LCR = 150% depends on the outflow of 30% on uninsured deposits.

Given the rate at which SVB was losing uninsured deposits, I questioned the assumption of a 30 percent outflow of active and non-performing deposits. Taking into account all of Mr. Nelson’s other assumptions, I varied the churn rate by 30% to find what would give an LCR of less than 100%. The answer is 46%.

IN one day (Thursday of last week), depositors took out $42 billion according to journalistsso in one day 24% deposits left. I don’t know what the regulators would have assumed in their stress tests, but either way I’m not sure 30% would be the right number.

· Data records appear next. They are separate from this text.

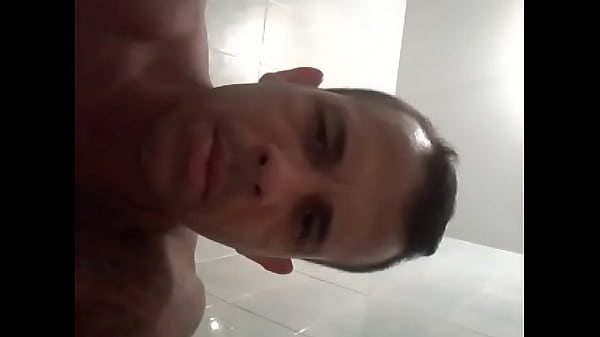 Download Video - Carioca gostoso na punheta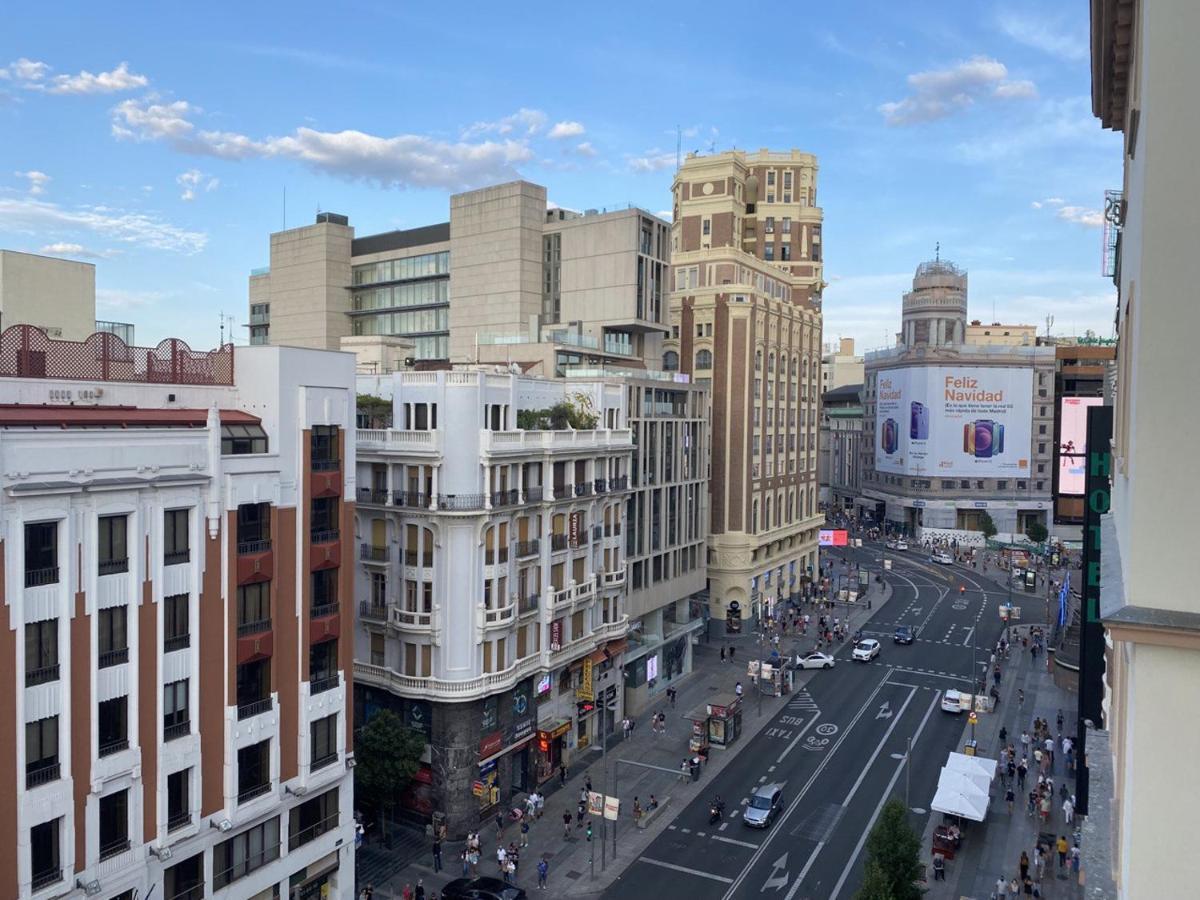 Doble Exterior En La Gran Via De Madrid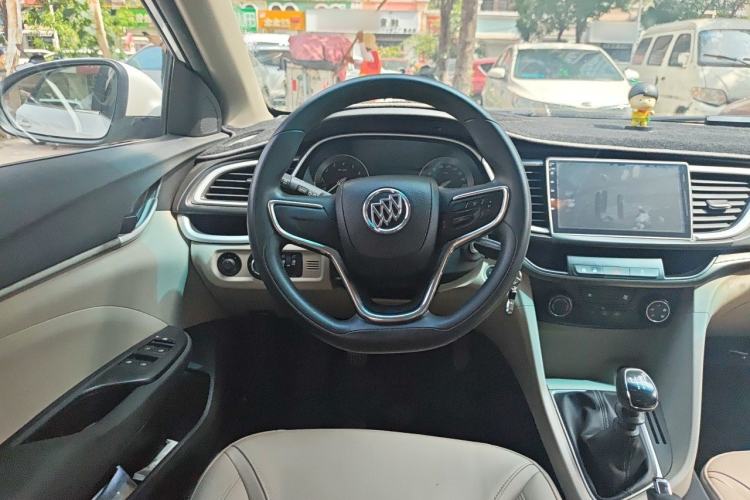 Used Buick GT 2016 15N Manual Elite Edition Steering Wheel
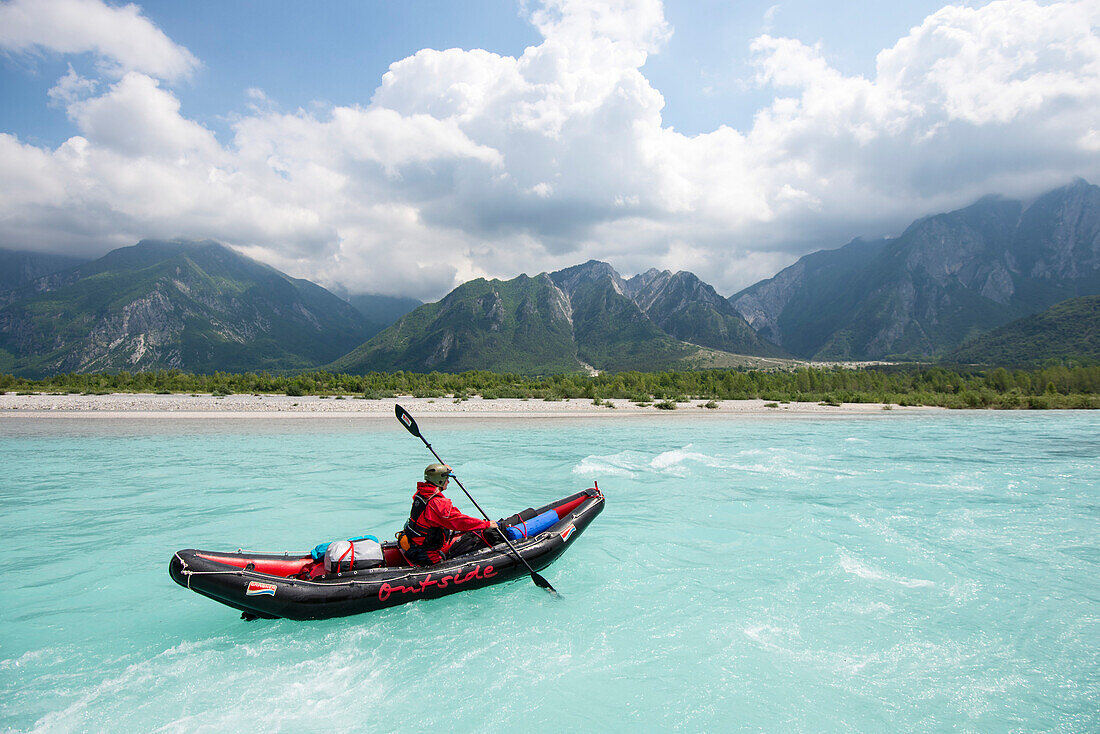 Kajaktour auf dem Tagliamento, Dolomiten, Italien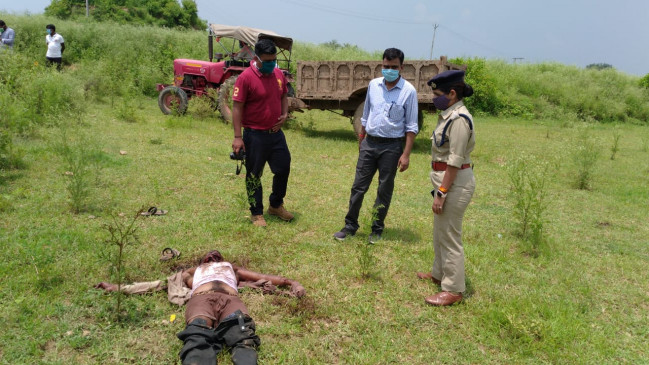 Dead body shot by ax with dead body found on Ghat-Birsinghpur-Semaria road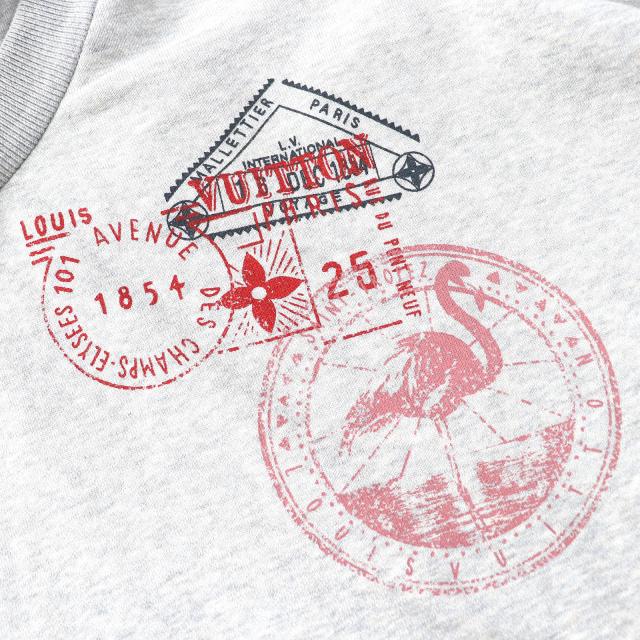 極美品△LOUIS VUITTON ルイヴィトン 2025年 1AGDAG フライト・モード トラベルスタンプクロップフーディ パーカー S 正規品 定価258500_4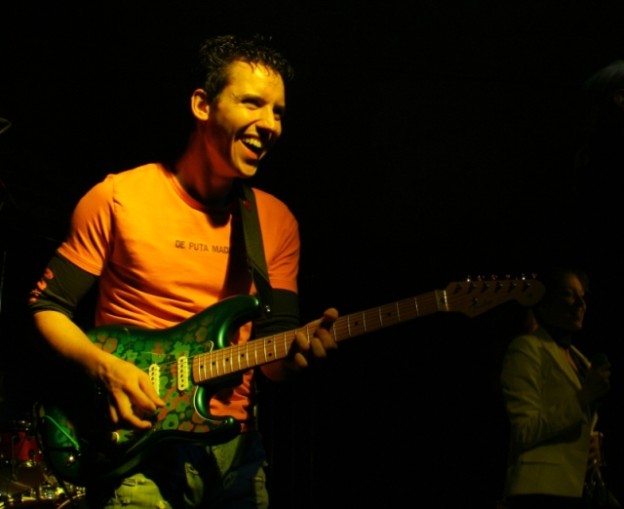 From Da Soul, Wiesbaden, Helmut Scholz (Gitarre) From Da Soul, Wiesbaden, Helmut Scholz (Gitarre)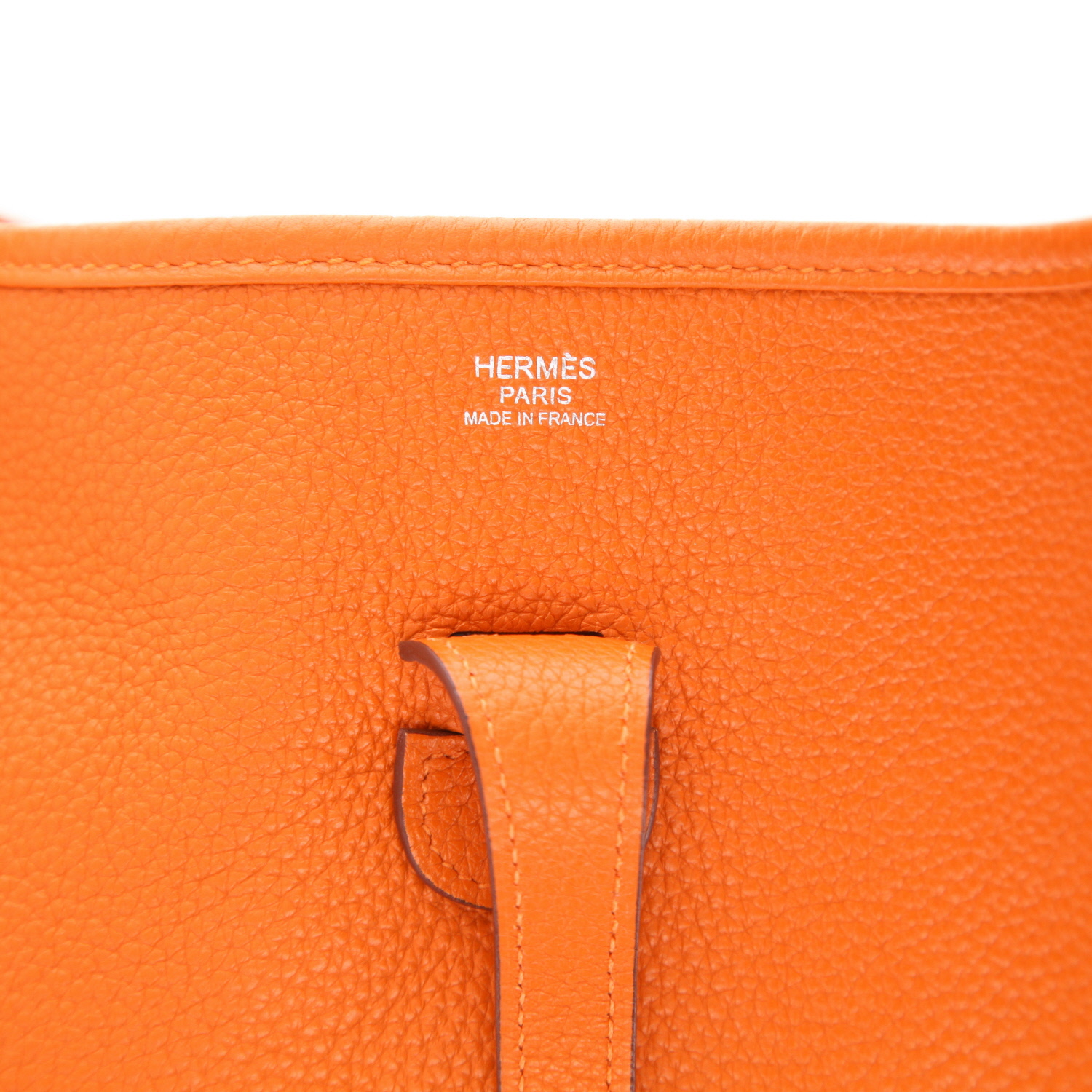 Sac bandoulière Hermès  Evelyne en cuir togo orange - Detail D2
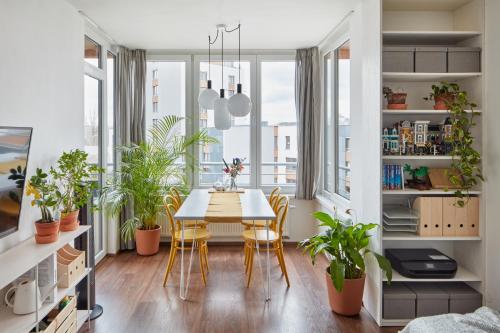 Prague Days - One-bedroom Apartment with Balcony and Garage Parking near the Vltava River in Holešovice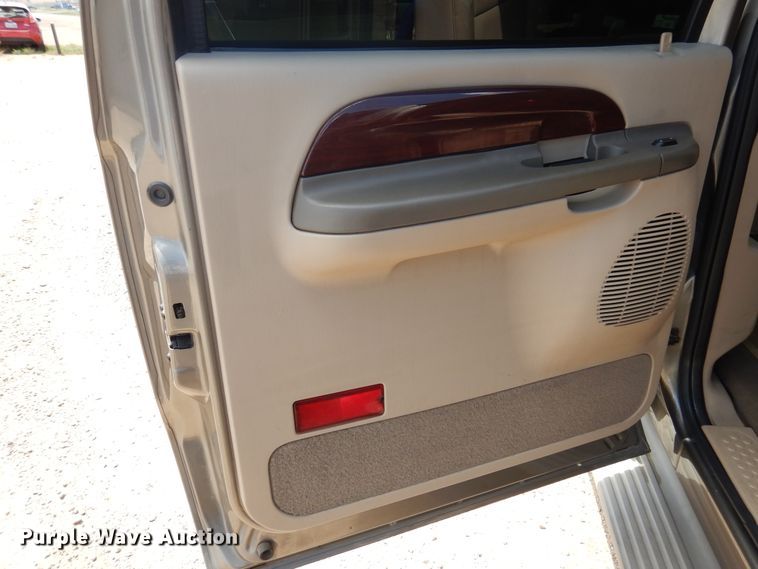 image for item GE9381 2003 Ford Excursion Limited  SUV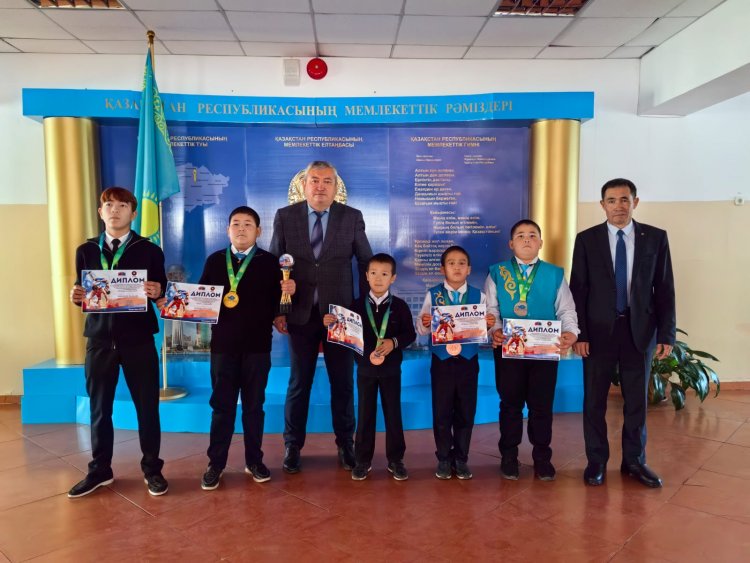 Грек-рим күресінен КСРОның спорт шебері ҚР еңбек сіңірген жаттықтырушысы Есенғали Енсебаевты еске алуға арналған жасөспірімдер арасында Үржар ауданының Таскескен ауылында өткен ашық біріншілік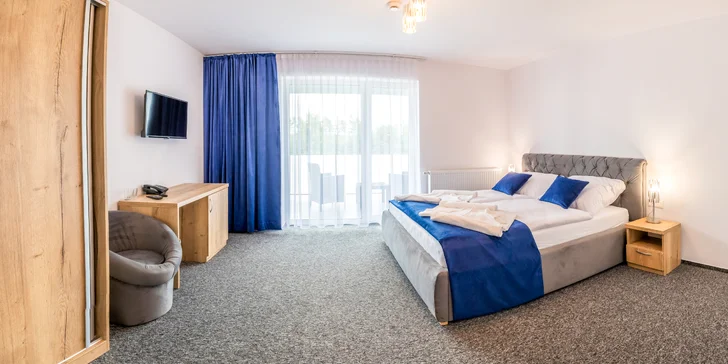 Moderný hotel priamo na brehu Oravskej priehrady s polpenziou a zľavou na plavbu loďou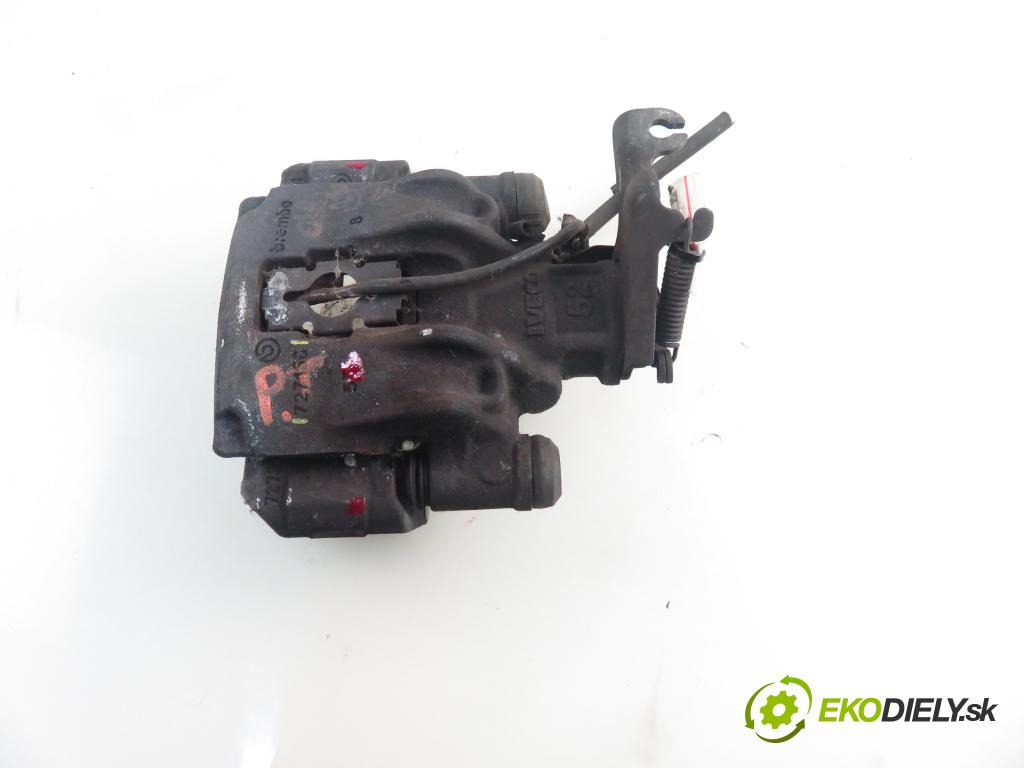 IVECO DAILY VI Furgon FURGON 2020 100,00 3.0 NaturalPower 136 - F1CFA401C 2998,00 Brzdič strmeň pravé zadné 727166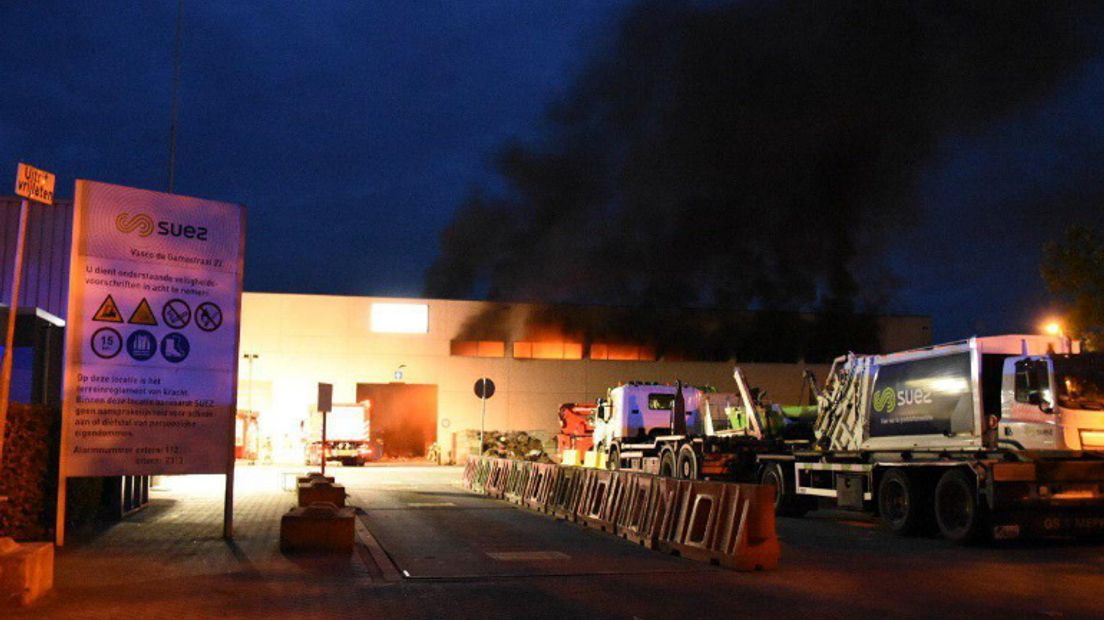 Brand bij Suez in Emmen (Rechten: De Vries Media)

So, in my book (assuming I’m not a regulator and have no such experience) it’s not clear that having an SVB on the SIFI list wouldn’t at least cause regulators to look at SVB a little harder. Incidentally, having 76% of total debt held to maturity (i.e. 2.2% of available-for-sale securities) means that a typical LCR based on a calculation based on all high-quality liquid assets would need in a footnote.

Incidentally, none of this negates the fact that concentrating assets in Treasuries and agency debt without hedging interest rate risk seems like a dumb idea, given telegraphy of increasing speed.